This is a weird thing to say, but for the past 36 hours or so, I have had a chicken bone lodged in my throat.
No. This isn't comfortable.
No. It's not an entire wing, nor leg.
It's a small bone. Bite sized. Big enough to swallow, half-way.
The internet is a great place. I have learned about numerous remedies because, as I have found, there are many other idiots in this world that have also gotten chicken bones lodged in their throats. My brothers!
Yes, I have tried "eating a lump of boiled rice." In fact, I attempted to eat many lumps. That bone wouldn't budge.
Yes, I have tried eating "balls of bread." Strike two!
Yes, I have even tried eating bananas...the bone is still there...but man, I'm fucking full after all the rice, bread, and bananas.

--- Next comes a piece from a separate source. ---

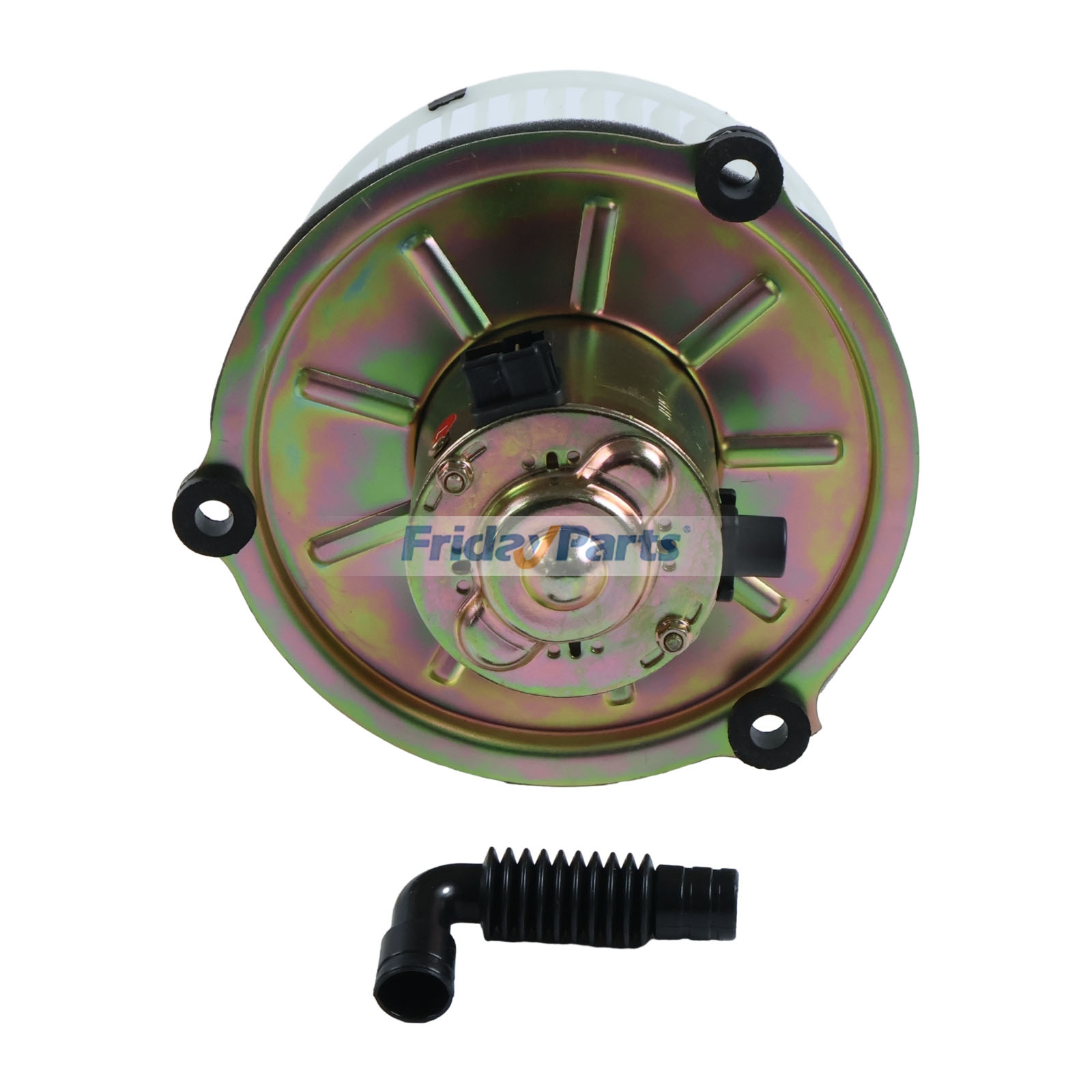 HITACHI用ブロワー電動モーター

And yes, I have to admit...I even tried gargling vinegar. I don't recommend it. It tastes like vinegar.
And yes, I also went on the look out for some "Root of Clematis," but this stuff is hard to come by...and is too close in spelling to Mark Clemens, a close friend of mine, that I don't like imagining ingesting.
The best part about having something incredibly stupid like this happen to you, is all the other advice you get:
Have you tried swallowing it? No...I didn't think of that. Hey, you seem to be quite the "out of the box" kind of thinker. Any financial advice for me?
You should drink lots of water. Just tilt your head back while you drink. Great. Now I'm choking AND have a stupid chicken bone lodged in my throat.
Try "loosening up" your throat. You try loosening up YOUR throat, you idiot.
Stop using your teeth. Sorry...that's a different conversation.
So...it's just a waiting game now. Best case scenario...I get to poke a hole in my trachea. I have always wanted to do that.